Collected data
↓↓↓

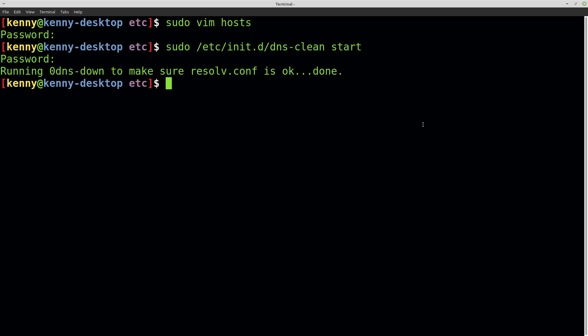And there you go, you're all set. You're now blocking ads with your hosts file. Like I said, this applies to every application—all the browsers on your system and anything else that communicates with the internet.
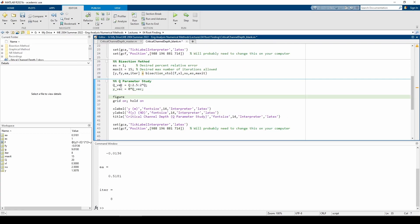The qvec variable holds the various q values and the yvec variable will be used to store the corresponding y values. Now let's write the for loop.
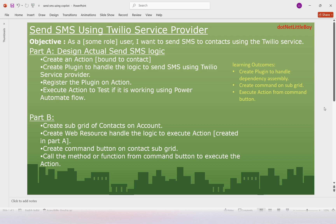Hello everyone, this is the continuation of Part A. In this video we will see the implementation of Part B, where we will create a subgrid on the Account, then create a web resource to add a command button on the subgrid, and we will execute one of the methods of this web resource to call the action.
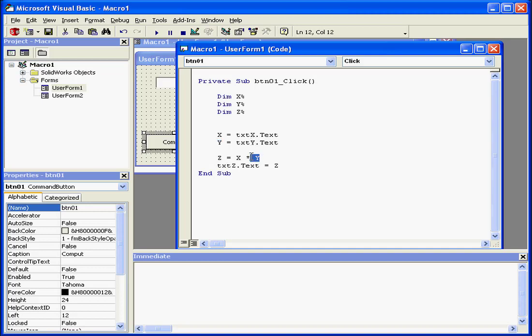On the next line, the value of variable X is multiplied by the value of variable Y. This is assigned to variable Z. The last line assigns the value of variable Z to the text property value of variable Z.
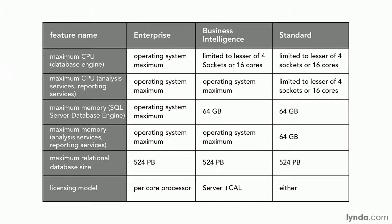So 524 petabytes would seem to be an overwhelming amount of information. Again, it's hard to say that 10 or 15 years from now, whether or not that'll still be a reasonable limitation. But also you notice Enterprise, BI, and Standard all have the exact same limitation. So it's not something to consider one way or the other when purchasing.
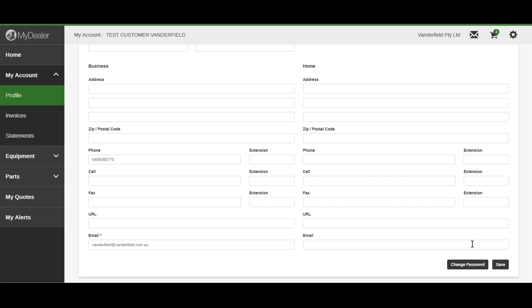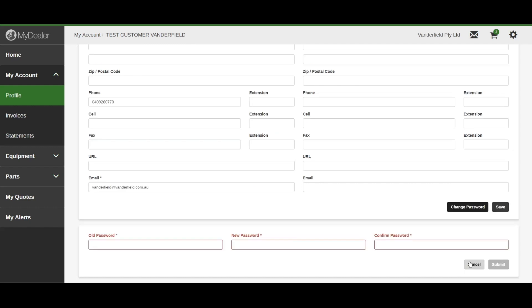You can change your password by scrolling down to the bottom of the screen and clicking Change Password. Enter your old password and then your new password, and then submit.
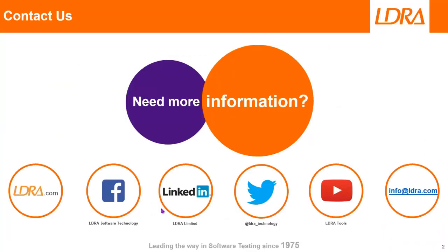Okay. So hopefully, that's given you an idea of how we can report on the project status. And if you'd like any more information, then please don't hesitate to contact us at LDRA. Thank you.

↑↑↑

WORK INSTRUCTION:
Copy the lines above exactly. Do not include pictures.

RESULT FOR THIS EXERCISE:
And there you go, you're all set. You're now blocking ads with your hosts file. Like I said, this applies to every application—all the browsers on your system and anything else that communicates with the internet.
The qvec variable holds the various q values and the yvec variable will be used to store the corresponding y values. Now let's write the for loop.
Hello everyone, this is the continuation of Part A. In this video we will see the implementation of Part B, where we will create a subgrid on the Account, then create a web resource to add a command button on the subgrid, and we will execute one of the methods of this web resource to call the action.
On the next line, the value of variable X is multiplied by the value of variable Y. This is assigned to variable Z. The last line assigns the value of variable Z to the text property value of variable Z.
So 524 petabytes would seem to be an overwhelming amount of information. Again, it's hard to say that 10 or 15 years from now, whether or not that'll still be a reasonable limitation. But also you notice Enterprise, BI, and Standard all have the exact same limitation. So it's not something to consider one way or the other when purchasing.
You can change your password by scrolling down to the bottom of the screen and clicking Change Password. Enter your old password and then your new password, and then submit.
Okay. So hopefully, that's given you an idea of how we can report on the project status. And if you'd like any more information, then please don't hesitate to contact us at LDRA. Thank you.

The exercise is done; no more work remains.